Y hubiera dado mi espalda diciendo: “No la conozco”, sino estuviera martilleando aún en mi cabeza el seco sonido del portazo; sino me hubiera fijado en la nobleza de aquellos rasgos mendicantes… en su belleza. “Pero es tan pobre” –reflexioné. Le di dinero con la modestia que me permitía mi desprecio para verla correr (debo confesar que impresionado por el bamboleo de sus caderas) rumbo al interior de la iglesia.
Encontré en el deseo un sabor amargo. O una dulzura prolongada, pero finita, o también la cúspide, pero la cúspide de un instante. La fuente del gusto se desvanecía al rato y mis montañas no eran sino un reguero de naipes. Pasaba l tiempo buscando a las dos jóvenes para verlas escurrirse tras justificaciones y apresuramientos. La de la promesa decía ser mi amiga y confidente. Le creí. Pero mis miras eran más altas que sus canciones y que la estatura de su inspiración romántica.
Antes de volver a encontrarla, retorné asustado al proyecto original de mis padres, avergonzado de traicionar mi auto compromiso. Sentí que le había dado la espalda a mi orgullo, a mi saber.
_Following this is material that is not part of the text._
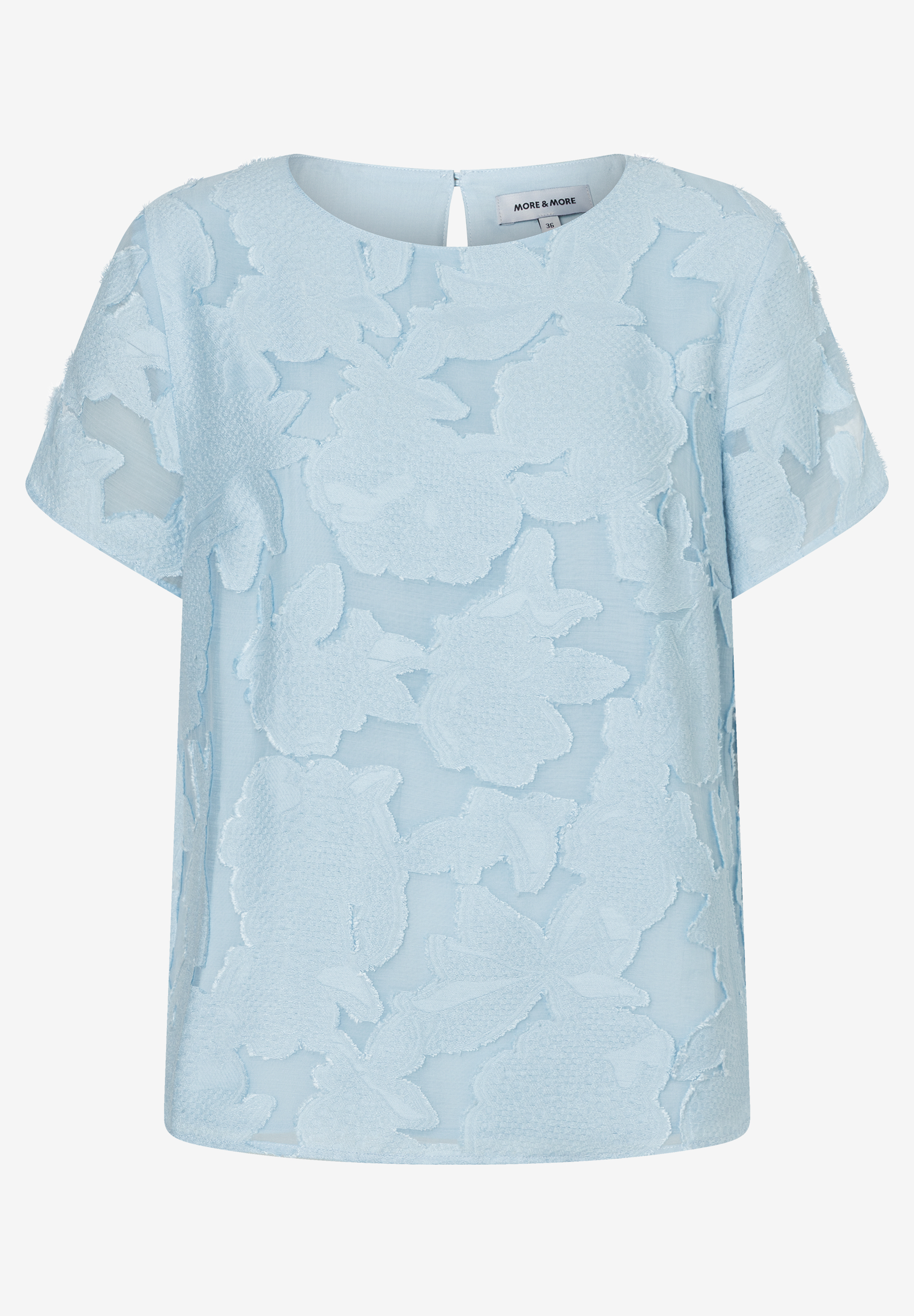 Hellblaue MORE & MORE Bluse mit floralem Muster und kurzen Ärmeln. Hellblaue MORE & MORE Bluse mit floralem Muster und kurzen Ärmeln.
Había pasado una parte importante de mi vida deseando, sin resultados concretos. Para llenar esas lagunas me apoyé en lo abstracto; pero después de probar el deseo, también descubrí vacío en la reflexión que lo combate.
Había veces que, cuando sentía la potencia vivificante de mi proyecto paternal impuesto, no consumado, libre de lacras, aumentaba la concreción próxima del deseo. Allí estaba. La muchacha pasaba cerca de mi ventana, con escote bajo, insinuante encanto y gracia en su sonrisa perfecta. Siempre agradecida, siempre dispuesta. No había más que extender una mano para caer en la órbita placentera de su caricia.
Comprendió su capacidad para desbaratar pretextos. Entonces la abstracción se transformaba en dogma, dejaba de ser refugio para convertirse en obstáculo. La advertencia de que todo anhelo consumado es una llama que se apaga rápidamente, no bastaba para inmovilizarme. Estaba renuente, sí, a vivir atormentado en mi ideal.
Y después de todo, ¿hay otra opción? Quizás mañana destruya esta dicotomía asfixiante cuando me entregue al deseo sin reservas y me hunda en los bosques de la carne y la sonrisa afable de una amiga. Padres míos. Me llamarán ángel demolido por la vibración del ansia; pero hay que flexibilizar nuestro proyecto. No importa que al final no se reparta mi nombre entre las voces.